Jésus est encore à Nazareth, chez lui, ou plutôt dans son ancien atelier de charpentier.

Avec lui se trouvent les douze apôtres, plus Marie, Marie, mère de Jacques et de Jude, Salomé, Suzanne et, chose nouvelle, Marthe. Une Marthe bien affligée, avec sous les yeux des marques évidentes de larmes. Une Marthe dépaysée, intimidée d’être ainsi seule, auprès d’autres personnes et surtout auprès de la Mère du Seigneur. Marie cherche à lui faire prendre contact avec les autres et à faire disparaître cette impression de malaise dont elle la voit souffrir. Mais ses caresses semblent plutôt gonfler le cœur de la pauvre Marthe. Rougeurs et grosses larmes alternent sous le voile qu’elle tient baissé sur sa douleur et son malaise.

Jean entre avec Jacques, fils d’Alphée.

« Elle n’est pas là, Seigneur. Aux dires de ses serviteurs, elle est allée avec son mari rendre visite à une amie, dit Jean.

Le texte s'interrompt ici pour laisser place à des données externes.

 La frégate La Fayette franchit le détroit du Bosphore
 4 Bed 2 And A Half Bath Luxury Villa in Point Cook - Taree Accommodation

– Elle va sûrement bien le regretter. Mais elle pourra toujours te voir et recevoir tes enseignements, termine Jacques.

– C’est bien. Ce n’est pas le groupe des femmes disciples que je pensais. Mais, vous le voyez, à la place de Jeanne absente, nous avons la présence de Marthe, fille de Théophile et sœur de Lazare.

Les disciples savent qui est Marthe. Ma Mère aussi, et toi également, Marie, et peut-être toi aussi Salomé, vous savez déjà par vos fils qui est Marthe, moins comme femme selon le monde que comme créature aux yeux de Dieu. De ton côté, Marthe, tu sais qui sont celles qui te considèrent comme une sœur ou une fille et vont beaucoup t’aimer. C’est ce dont tu as tant besoin, ma bonne Marthe, pour trouver aussi ce réconfort humain d’affections honnêtes que Dieu ne condamne pas, mais qu’il a donné à l’homme pour le soutenir dans les difficultés de l’existence. Et Dieu t’a amenée ici précisément à l’heure que j’ai choisie pour vous donner les bases, autrement dit le canevas sur lequel vous broderez votre perfection de disciples.